*TASK OBJECTIVE:*
Every line of the material is to be quoted verbatim, minus the pictures.

*DATA PROVIDED:*
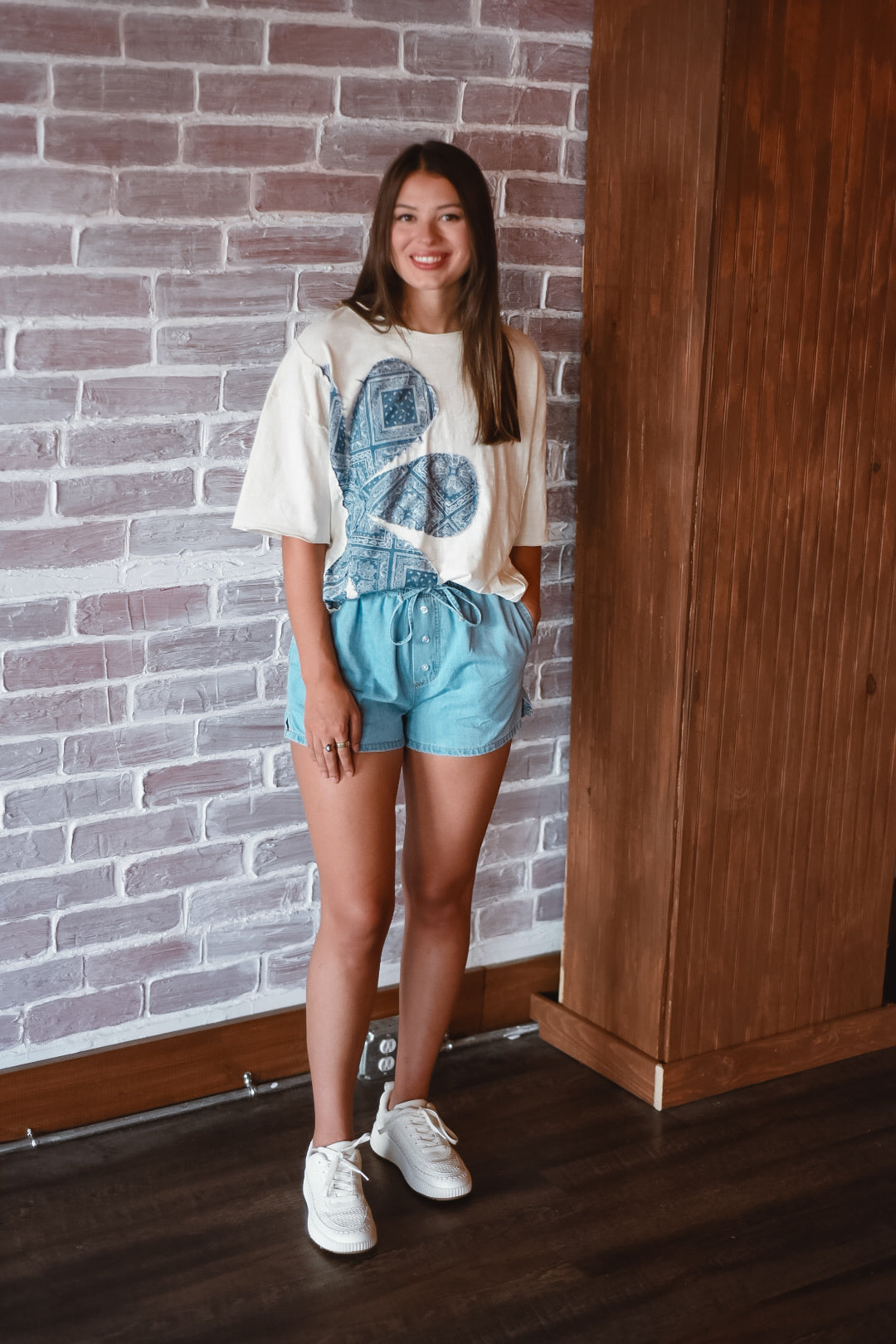 Blue Skies Patchwork Flower Tee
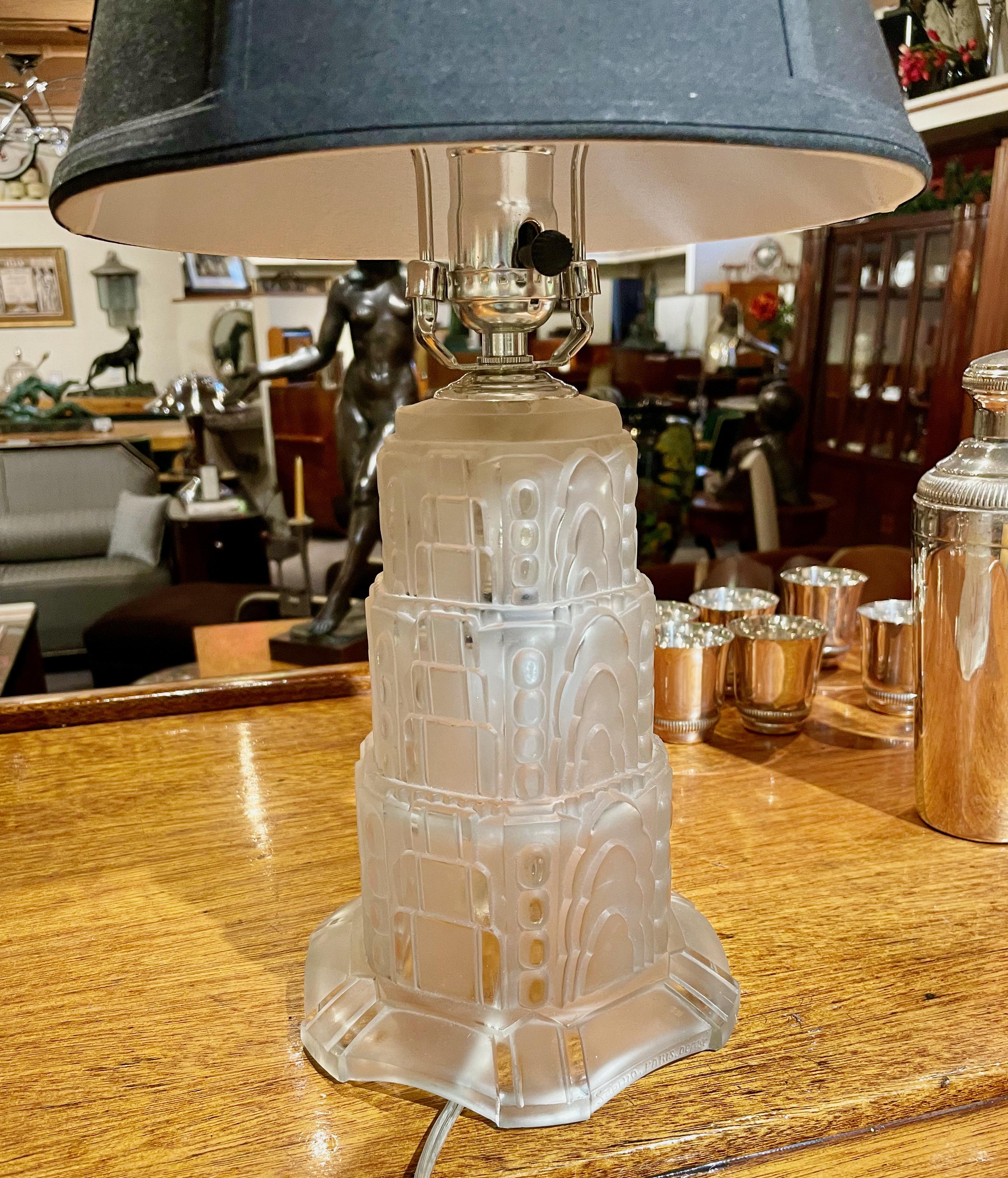 Sabino Art Deco stair-stepped water-fall glass table lamp. Perfectly rendered detailed glass, embossed with “Sabino Paris Depose” model #4670. A stunning lamp just re-wired with a 3-way switch allows you to light the top or bottom or both and new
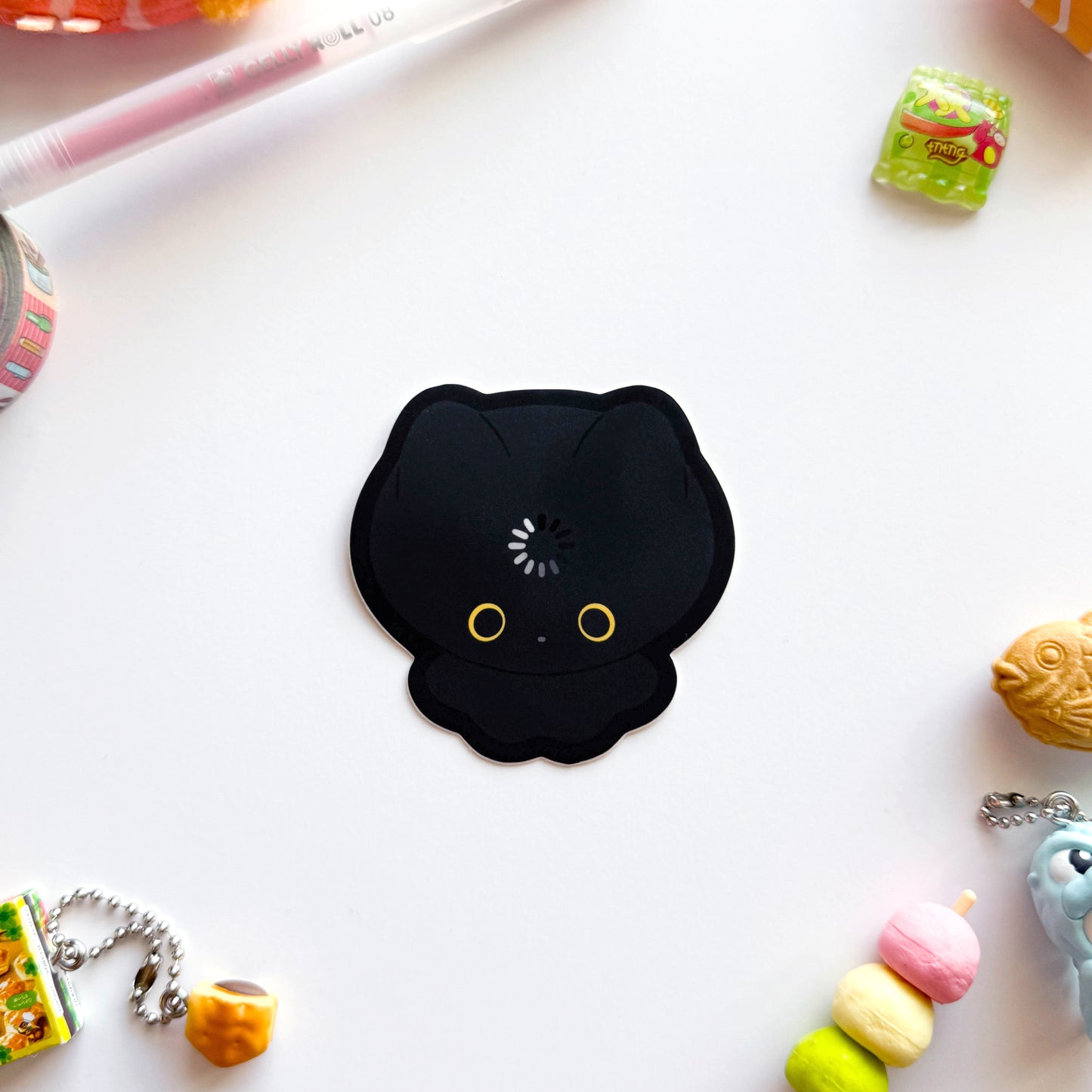 Head Empty Void Black Cat Vinyl Sticker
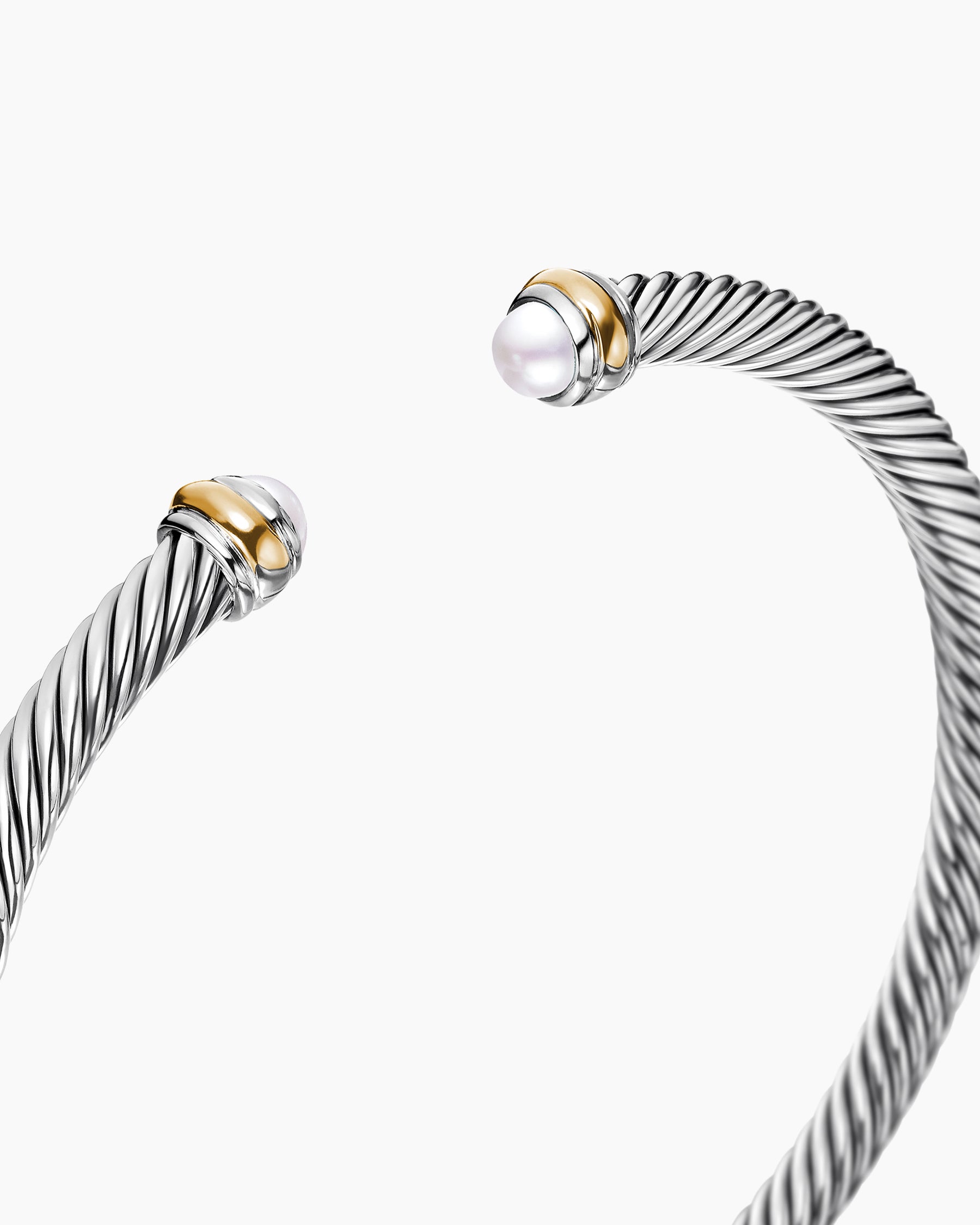 Classic Cable Bracelet in Sterling Silver with 18K Yellow Gold and Pearls, 4mm - Image 5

*WRITTEN ANSWER:*
 Blue Skies Patchwork Flower Tee
 Sabino Art Deco stair-stepped water-fall glass table lamp. Perfectly rendered detailed glass, embossed with “Sabino Paris Depose” model #4670. A stunning lamp just re-wired with a 3-way switch allows you to light the top or bottom or both and new
 Head Empty Void Black Cat Vinyl Sticker
 Classic Cable Bracelet in Sterling Silver with 18K Yellow Gold and Pearls, 4mm - Image 5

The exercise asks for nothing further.